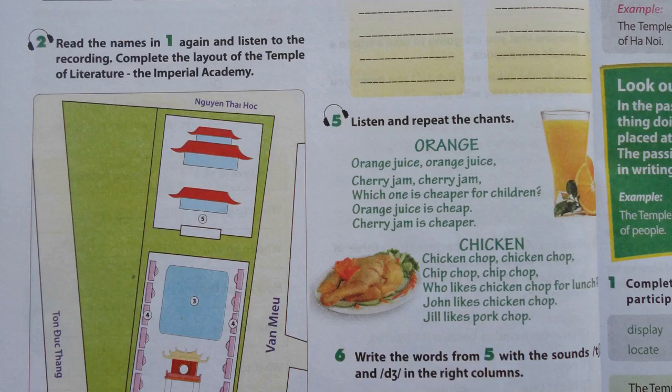Unit 6. Page 60. A Closer Look 1. Activity 2. Read the names in one again and listen to the recording. Complete the layout of the Temple of Literature, the Imperial Academy.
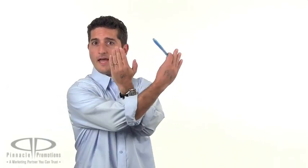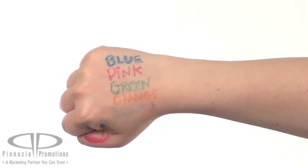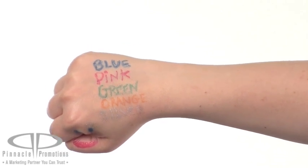Hi, I'm Benjy with Pinnacle Promotions, and this is the Tattoo Gel Pen. This custom pen comes in five sparkly gel ink colors: blue, pink, green, orange, and silver.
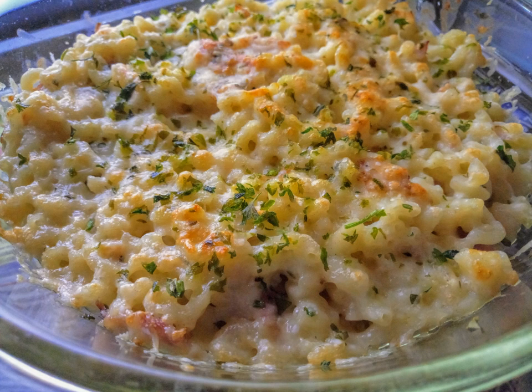Macaroni and cheese—also called mac and cheese in American and Canadian English, sometimes called macaroni pie in Caribbean English, and macaroni cheese in the United Kingdom—is a dish of English origin, consisting of cooked macaroni pasta and a cheese sauce, most commonly cheddar. It can also incorporate other ingredients such as breadcrumbs, meat, and vegetables.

•••••

=== The task ===
Transcribe exactly, with no pictures, the lines running from the first line of the material through the line holding "Hi, I'm Benjy".

=== Result for this exercise ===
Unit 6. Page 60. A Closer Look 1. Activity 2. Read the names in one again and listen to the recording. Complete the layout of the Temple of Literature, the Imperial Academy.
Hi, I'm Benjy with Pinnacle Promotions, and this is the Tattoo Gel Pen. This custom pen comes in five sparkly gel ink colors: blue, pink, green, orange, and silver.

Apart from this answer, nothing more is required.